The average CC user claims to have more competitive scores and extracurriculars than the typical student. This inflates the statistics posted on College Confidential, making readers worry that they may not get into college because they do not seem to match up with other users, even though those applicants do not truly represent the norm.
As user “koala717” says in CC’s College Admissions forum, “Keep in mind that our perspective is quite distorted since this forum is filled with overachievers.”
Urban Dictionary users go a step further, calling College Confidential “a place for trolls who want to make everyone feel bad with bogus accomplishments.”
Additionally, many posts come from parents wishing to brag about their children or soothe their hurt egos. They boast about the scores or acceptances that their dd (code for “darling daughter”) receive, prideful comments which discourage students who feel they do not measure up to these wunderkinds.

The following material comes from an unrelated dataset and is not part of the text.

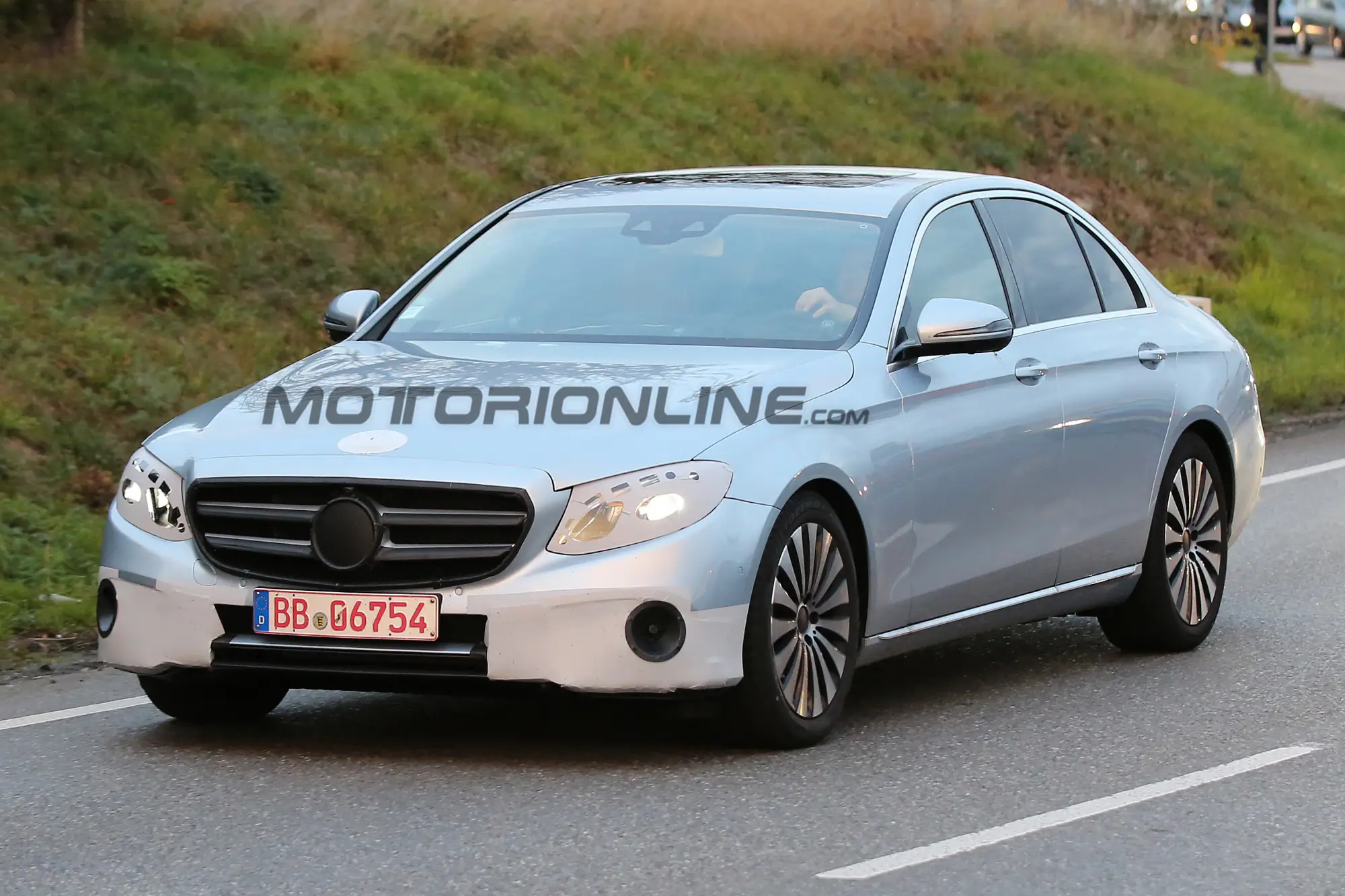 Mercedes Classe E 2016 - Foto spia 02-11-2015 - 1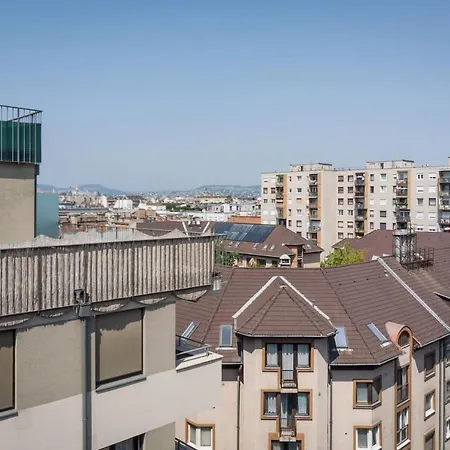 New Corvin Home, Ac, Free Parking Balcony W/view Appartamento Budapest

One particularly disturbing trend comes in the form of the “Successful AP rescore stories” thread, in which students post about spending $25 on a multiple choice rescore. When one user asked if she should rescore because she received a four, someone pointed out that College Board, as incompetent as it can be, doesn’t make the kind of mistakes that turns a five into a four. But one rational comment in a sea of misleading posts, most of which urge students to go for the rescore and report on their experience, makes for a pretty poor track record.
These rescore stories are, in fact, rarely successful. But such is the power of the College Confidential community: Commenters can convince others to shell out five Lincolns because of the dubious advice of someone claiming to be their “ally.”
To assume that College Confidential provides community support is misguided; other users do not always have your best interests at heart. And as much as the site may seem to be an anxiety-reliever, it often compounds the college-search stress.
We should focus instead on using the reputable materials available, like college counselors, parents and other sources, rather than trying to soothe our egos by asking every user with a pulse what they think of our chances at a particular college.
At the very least, we should receive online advice with plenty of skepticism, knowing that the advice we get will probably be less helpful than suggestions solicited from one’s great-great-grandmother or a stranger on the street.